Phlox is a genus name for about 67 flowering annual and perennial plants belong to the Jacob’s-ladder or phlox family, Polemoniaceae. They are native to diverse habitats in North American (alpine tundra, prairie, and woodlands), with one type found in Siberia.

Do Rabbits Eat Phlox

Phloxes have different blooming times (some in spring and others in summer). Most have some fragrant, with notable ones being P. subulata (pink moss mountain, moss, moss pink, or creeping phlox) and P. paniculata that grow upright. There is also the woodland species.

To answer your question, groundhogs, deer, and rabbits eat phlox, including woodland, garden, and creeping phlox. They are one of their popular foods, and the Iowa State University Extension and Outreach has phlox as one of the plants susceptible to rabbit damage (moderate to severe damage)

Phlox joins other ornamental flowers like impatiens, morning glory, nasturtium, pansies, bachelor’s button, roses, hostas, and coneflowers that attract bunnies.
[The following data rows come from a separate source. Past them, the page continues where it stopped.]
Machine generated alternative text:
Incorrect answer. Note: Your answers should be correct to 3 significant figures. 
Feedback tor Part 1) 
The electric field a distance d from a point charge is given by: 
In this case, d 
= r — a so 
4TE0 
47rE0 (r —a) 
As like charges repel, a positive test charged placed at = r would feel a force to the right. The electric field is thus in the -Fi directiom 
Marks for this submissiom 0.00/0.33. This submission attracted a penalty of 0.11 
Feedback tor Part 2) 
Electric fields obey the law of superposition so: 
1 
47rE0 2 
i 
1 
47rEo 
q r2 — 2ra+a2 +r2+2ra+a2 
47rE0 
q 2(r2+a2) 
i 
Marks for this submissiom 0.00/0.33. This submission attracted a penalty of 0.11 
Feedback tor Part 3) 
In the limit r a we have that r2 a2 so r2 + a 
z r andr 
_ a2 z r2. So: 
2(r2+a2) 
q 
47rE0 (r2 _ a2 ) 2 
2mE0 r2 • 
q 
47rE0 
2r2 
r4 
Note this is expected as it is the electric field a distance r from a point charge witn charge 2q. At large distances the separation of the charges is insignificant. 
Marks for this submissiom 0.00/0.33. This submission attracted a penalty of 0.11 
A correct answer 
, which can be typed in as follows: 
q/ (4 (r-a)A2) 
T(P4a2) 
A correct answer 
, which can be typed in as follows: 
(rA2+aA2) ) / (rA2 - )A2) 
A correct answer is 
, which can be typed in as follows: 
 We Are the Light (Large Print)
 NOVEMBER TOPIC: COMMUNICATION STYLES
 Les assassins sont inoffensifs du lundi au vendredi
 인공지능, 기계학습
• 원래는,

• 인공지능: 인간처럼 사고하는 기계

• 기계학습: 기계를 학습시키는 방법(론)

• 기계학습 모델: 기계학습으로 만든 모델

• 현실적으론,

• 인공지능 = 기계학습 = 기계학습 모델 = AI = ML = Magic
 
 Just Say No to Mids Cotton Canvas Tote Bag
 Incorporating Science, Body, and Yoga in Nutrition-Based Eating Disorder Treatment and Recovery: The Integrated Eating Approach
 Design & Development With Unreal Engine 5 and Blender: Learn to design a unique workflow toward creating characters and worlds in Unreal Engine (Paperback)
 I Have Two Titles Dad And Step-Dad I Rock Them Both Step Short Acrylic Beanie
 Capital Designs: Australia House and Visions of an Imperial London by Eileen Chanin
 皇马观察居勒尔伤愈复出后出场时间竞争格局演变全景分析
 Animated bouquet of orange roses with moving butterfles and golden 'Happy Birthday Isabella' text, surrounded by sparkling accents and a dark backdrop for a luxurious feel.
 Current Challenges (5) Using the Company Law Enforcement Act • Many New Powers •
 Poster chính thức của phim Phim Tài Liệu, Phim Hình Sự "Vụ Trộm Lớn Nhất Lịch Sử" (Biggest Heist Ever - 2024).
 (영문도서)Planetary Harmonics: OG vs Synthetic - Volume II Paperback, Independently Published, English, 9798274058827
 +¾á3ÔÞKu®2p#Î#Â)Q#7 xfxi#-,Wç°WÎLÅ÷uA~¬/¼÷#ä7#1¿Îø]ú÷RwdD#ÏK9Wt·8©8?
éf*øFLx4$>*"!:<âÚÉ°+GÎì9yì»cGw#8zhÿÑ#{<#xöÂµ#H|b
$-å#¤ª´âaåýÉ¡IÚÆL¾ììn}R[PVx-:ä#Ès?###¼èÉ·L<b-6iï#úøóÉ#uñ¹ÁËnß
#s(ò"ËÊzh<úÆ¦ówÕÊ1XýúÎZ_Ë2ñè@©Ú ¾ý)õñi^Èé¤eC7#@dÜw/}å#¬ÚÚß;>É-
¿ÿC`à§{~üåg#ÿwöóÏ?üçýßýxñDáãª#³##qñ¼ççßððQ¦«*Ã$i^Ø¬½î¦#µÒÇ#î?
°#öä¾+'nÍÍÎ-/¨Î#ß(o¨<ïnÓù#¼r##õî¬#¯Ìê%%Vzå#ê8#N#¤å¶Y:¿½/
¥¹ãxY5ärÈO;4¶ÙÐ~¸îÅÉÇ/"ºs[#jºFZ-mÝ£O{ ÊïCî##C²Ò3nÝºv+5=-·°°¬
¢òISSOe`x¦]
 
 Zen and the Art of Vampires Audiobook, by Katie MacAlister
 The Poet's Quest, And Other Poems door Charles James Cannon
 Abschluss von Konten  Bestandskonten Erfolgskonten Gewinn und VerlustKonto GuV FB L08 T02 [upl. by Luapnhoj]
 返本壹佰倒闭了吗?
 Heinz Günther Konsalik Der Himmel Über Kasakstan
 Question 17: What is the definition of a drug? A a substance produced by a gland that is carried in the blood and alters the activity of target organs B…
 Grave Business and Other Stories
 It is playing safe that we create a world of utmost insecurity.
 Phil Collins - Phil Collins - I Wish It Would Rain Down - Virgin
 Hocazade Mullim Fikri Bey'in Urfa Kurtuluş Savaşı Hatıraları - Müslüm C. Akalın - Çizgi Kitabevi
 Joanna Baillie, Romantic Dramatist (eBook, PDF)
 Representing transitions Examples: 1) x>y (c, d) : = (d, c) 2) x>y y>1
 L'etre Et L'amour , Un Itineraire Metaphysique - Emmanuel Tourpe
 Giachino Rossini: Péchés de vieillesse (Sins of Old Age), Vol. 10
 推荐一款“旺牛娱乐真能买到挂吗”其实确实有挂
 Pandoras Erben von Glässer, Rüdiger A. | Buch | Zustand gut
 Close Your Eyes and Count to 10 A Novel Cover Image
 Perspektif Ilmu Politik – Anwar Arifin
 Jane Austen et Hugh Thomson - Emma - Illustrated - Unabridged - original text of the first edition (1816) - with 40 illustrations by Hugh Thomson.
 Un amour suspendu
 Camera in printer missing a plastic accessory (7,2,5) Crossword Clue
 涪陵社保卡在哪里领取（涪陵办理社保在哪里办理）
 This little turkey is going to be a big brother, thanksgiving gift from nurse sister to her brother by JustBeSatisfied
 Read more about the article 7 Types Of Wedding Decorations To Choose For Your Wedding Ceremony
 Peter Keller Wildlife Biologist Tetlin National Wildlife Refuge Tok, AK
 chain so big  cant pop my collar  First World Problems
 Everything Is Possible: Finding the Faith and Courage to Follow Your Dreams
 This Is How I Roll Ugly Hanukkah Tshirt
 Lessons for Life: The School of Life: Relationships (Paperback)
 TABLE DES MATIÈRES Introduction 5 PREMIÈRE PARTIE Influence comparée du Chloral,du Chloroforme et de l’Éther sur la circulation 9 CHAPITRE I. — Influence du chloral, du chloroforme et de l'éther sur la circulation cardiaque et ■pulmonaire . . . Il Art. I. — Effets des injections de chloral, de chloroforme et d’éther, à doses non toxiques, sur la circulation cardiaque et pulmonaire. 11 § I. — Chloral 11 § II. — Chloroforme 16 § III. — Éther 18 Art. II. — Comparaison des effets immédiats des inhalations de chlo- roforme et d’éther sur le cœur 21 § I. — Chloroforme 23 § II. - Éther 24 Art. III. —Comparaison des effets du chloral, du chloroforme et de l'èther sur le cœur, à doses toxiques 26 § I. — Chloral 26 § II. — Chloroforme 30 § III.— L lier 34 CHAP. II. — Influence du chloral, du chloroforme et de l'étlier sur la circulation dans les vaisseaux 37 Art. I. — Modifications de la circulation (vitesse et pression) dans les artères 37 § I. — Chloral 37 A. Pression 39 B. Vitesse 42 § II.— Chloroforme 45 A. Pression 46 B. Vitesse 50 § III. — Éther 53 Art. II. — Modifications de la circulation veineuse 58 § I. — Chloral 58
Therefore, you must protect your phlox from rabbits, groundhogs, and deer. To keep away jackrabbits, cottontails, hares, or wild rabbits, implement one of the following:

  • Garden fencing – Fence around your ornamentals using a 1/2- to 1-inch chicken wire mesh. It should be at least 2 feet high and buried at least 6 inches deep to discourage diggers and jumpers.
  • Modify your habitat – If you have any bushes, tall grasses, debris piles, or rabbit warrens, consider cleaning all these as they give them perfect hiding places.
  • Repellents and deterrents – There are dozens of good rabbit repellents and deterrents that will discourage rabbits from eating your phlox or scare them off.
  • Other ways – They include having a predator, shooting, and trapping, or using homemade repellents.

Besides rabbits, larvae of Lepidoptera species like Gazoryctra wielgusi, hummingbird hawk-moth, Schinia indiana (eats only P. pilosa), and dot moth will feed on the phlox foliage.

More on phlox

While we have considered them as annuals and perennials, for the cultivated varieties, only the P. drummondii, is an annual.

Secondly, creeping phlox, which spreads rapidly, makes a good ground cover for areas under trees or river banks that blooms in winter just as the woodland phlox does. On the other hand, the upright growing garden phlox bloom during summers.

The exact conditions depend on where the specific cultivars originated from, with those from alpine requiring full sun and good drainage, the woodland needs partial sun and humus soil. On the other hand, those from waterside will thrive in soils with moisture and full sun.

Finally, some of the phlox species and varieties include garden phlox like Flame White Eye, Nicky, Peppermint Twist, Franz Schubert, Eva Cullum, David, Candy Twist, Bright Eyes, or Blue Paradise, as well as creeping and woodland. If you want woodland, a good option would be P. divaricate, while for creeping phlox, consider Candy Stripe, Emerald Cushion Blue, Emerald Pink, and Purple Beauty.

Conclusion

Phlox are easy to propagate even with stem cutting. They attract butterflies, some species are good ground covers, and their flowers are incredibly charming, making them great ornamental plants. Let not the fear of rabbits eating them discourage you. You can control them.